Someone who strongly disagrees with the decision not to modify the policy is Alderman Ron Zeman.
"It's disappointing we as a city can't work out a deal with a local developer, that being Paul Renner," he said. "The city should do a better job of negotiating."
He said last month the city wrote off a $1.4 million loan to the Detroit Lakes Community and Cultural Center, but this month it can't work out a $7,500 difference with Renner.
When Renner stood and spoke at the council meeting Tuesday, he said by denying the bids for his development and putting a stop to the development, the city is denying the $80,000 a year in new property taxes the houses would have brought as well.
"Can you imagine a business turning down $80,000 in revenue yearly over a $7,500 dispute?" Zeman asked.
He said since the council meeting, he's gotten many calls from people saying, "the city is looked at as bullies" against the trades people.
Renner said later in the week that the city is losing more than the $80,000 in taxes. All construction Lakes Country Developers does is local.
"We are Detroit Lakes based, and I believe in Detroit Lakes," he said. Renner has been in business for 27 years. He's already invested $22-$25 million in Detroit Lakes, he said.

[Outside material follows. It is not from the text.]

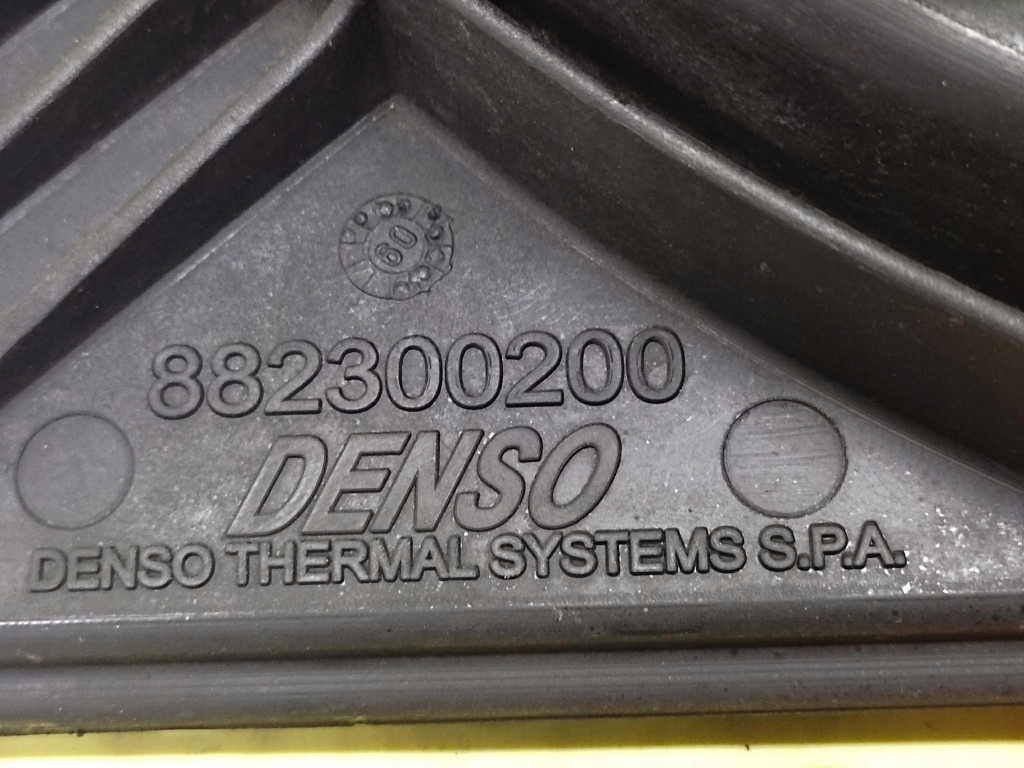 FIAT BRAVO II 1.6 D ventilátor chladiče 882300200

He added that since the city has denied his latest housing project, he's taking another project off the construction schedule.
Last month, the council approved Renner's request for a 14-unit apartment building. He said he wouldn't bother with the apartment now.
"The message they've sent is they don't want to do business with me," Renner said.
He said he may revisit building the apartment building, but it will be in another city.
It's more than a dispute over one project, Renner said. There have been issues over the years between the city and Lakes Country Developers.
Zeman said he's hoping the city and Renner can sit down and work something out, because he doesn't see why the city would want to lose the housing developments -- single-family homes and apartment building.
Renner said he'd be willing to continue with Timber Creek if he doesn't have to pay the $7,500. It's a matter of principle for him now.
If he can't work out something with the city, he said he's fully prepared to stop the development. The land will be worth much more in 10 years anyway.
At the council meeting, Alderman G.L. Tucker said it's unfortunate to lose the development and the apartment building, but that he supports the council's decision.
Alderman Bruce Imholte was also in favor of sticking to policy and not accepting the bids.
"I don't want to see a headline in the newspaper that says DL's against development. It's not true. It's complicated," he said.